🗓 2023年08月12日
吉海 直人
文化庁が毎年行っている「国語に関する世論調査」2018年度の結果が報告されました。今回もまた本来とは違う意味の方を正しいと回答した人が多かったようです。これを日本語の乱れと見るのか、それとも日本語の下剋上(変化)と見るのか、見解が分かれるところですね。
それはさておき、みなさんの国語の認識は大丈夫でしょうか。試しにやってみましょう。まず「憮然として」はどうでしょうか。この意味はA「失望してぼんやりとしている様子」・B「腹を立てている様子」のどちらですか。調査結果はBと答えた人が57パーセントで、Aと答えた人は28パーセント(半分)でした。これを見る限りBが正解のように思われますが、もちろん正しいのはAの方です。大丈夫でしたか。
次に「御の字」の意味はどうでしょうか。A「一応納得できる」・B「大いに有りがたい」のどちらだと思いますか。調査結果はAを選んだ人が50パーセント、Bを選んだ人が37パーセントでした。これも調査結果からはAの方が正解のように思われますが、しかし正しいのはBです。
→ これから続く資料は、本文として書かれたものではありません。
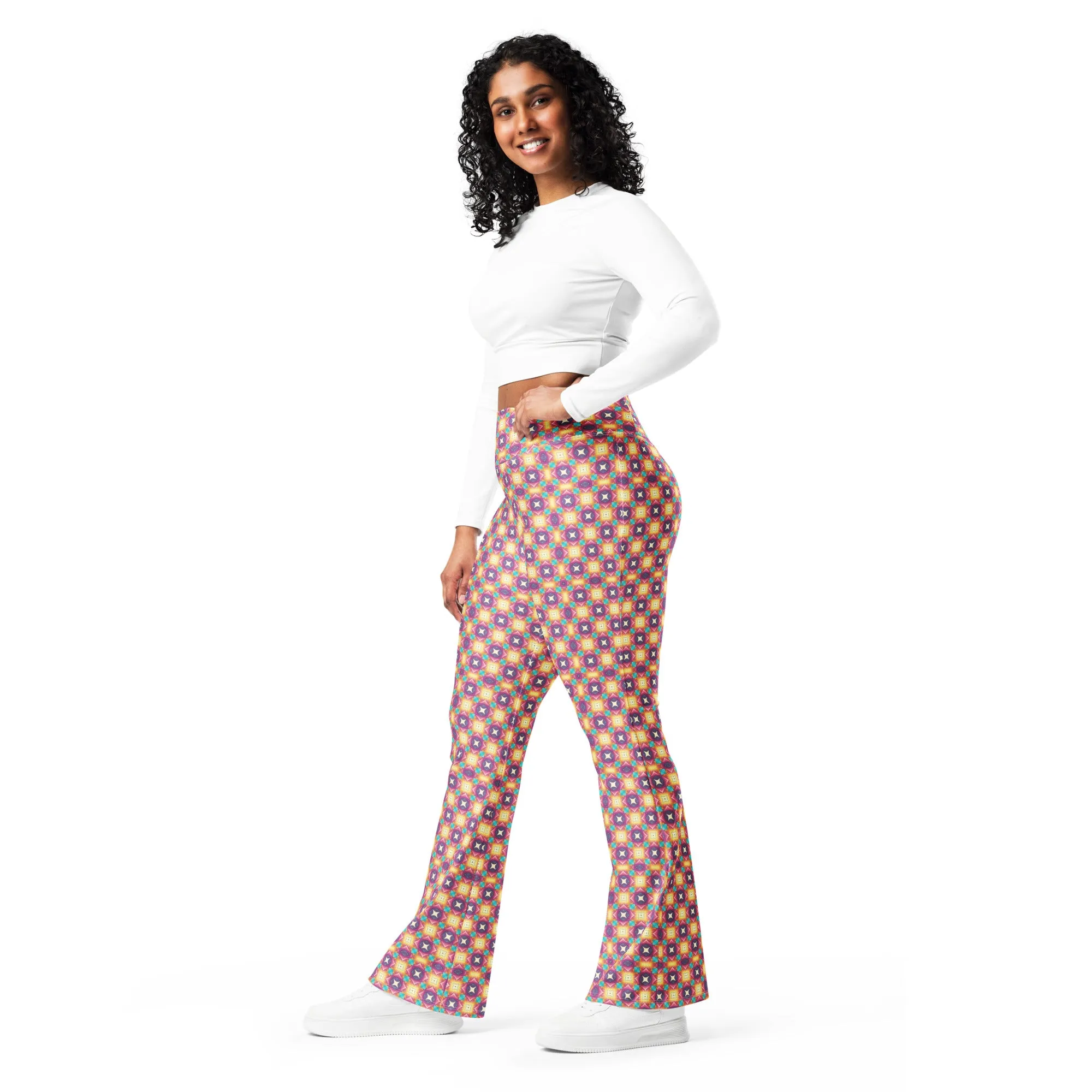 High-Rise Flared Leggings Pink Candy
続いて「砂をかむよう」はどんな意味ですか。A「悔しくてたまらない様子」・B「無味乾燥でつまらない様子」、さてどちらが正解でしょうか。調査結果はAが57パーセントでBが32パーセントで、圧倒的にAが多かったようです。ではAが正解かというと、これもBの方が正解でした。
一度は口にしたことがありそうな「なし崩し」はどうでしょうか。A「少しずつ返していくこと」・B「なかったことにすること」、この調査結果はAが20パーセントでBが66パーセントとなっており、Bが三倍も多くなっています。これはやっかいですね。本来の意味は、借金などを少しずつ返済することでした。それは「なし」が「済し」だったからです。ところがこれが「無し」と誤解されたことで、意味が大きく変容したのでしょう。ここまできたら誤用というより下剋上とするべきかもしれません(間違いにできない)。
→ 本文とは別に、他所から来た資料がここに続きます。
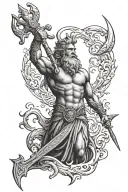 Poseidon holding a trident tattoo design idea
同様に「手をこまねく」はどうでしょうか。A「何もせずに傍観している」・B「準備して待ち構える」、これはどちらが正解だと思いますか。調査結果はAが37パーセントで、Bが47パーセントとなっていました。これを見ると正解はBのように思えますが、実はAが本来の意味なのです。
次に「時を分かたず」は案外むずかしいようです。A「いつも」・B「すぐに」とあったら、みなさんはどちらを選びますか。調査では、Aを選んだ人が14パーセントで、Bを選んだ人が67パーセントという大差になっていました。これを見るとBが正解でなければならないはずですね。でも正解はAなのです。もともとこれは辞書に載っていない言い方なので、勘違いしているのかもしれません。「いつも」とするより「時を選ばず」などといった方がわかりやすいかもしれません。
では「檄を飛ばす」はどうですか。A「元気のない者に刺激を与えて活気づけること」・B「自分の主張や考えを広く人々に知らせて同意を求めること」、さてどちらが正解でしょうか。調査結果はAが67パーセントで、Bが21パーセントだったそうです。AはBの三倍ですから、間違いなくAが正解のように思えますね。でも正解はBでした。
もう一問、「浮足立つ」の意味はどちらでしょうか。A「恐れや不安を感じ落ちつかずそわそわしている」・B「喜びや期待を感じ落ちつかずそわそわしている」、さてどちらが正解でしょうか。調査結果は、Aが26パーセントで、Bが61パーセントとなっています。この差を見ればBが正解だと思うはずですね。ところがこれも正解はAでした。これだけ誤答が多いのですから、いずれBも正解になるかもしれません。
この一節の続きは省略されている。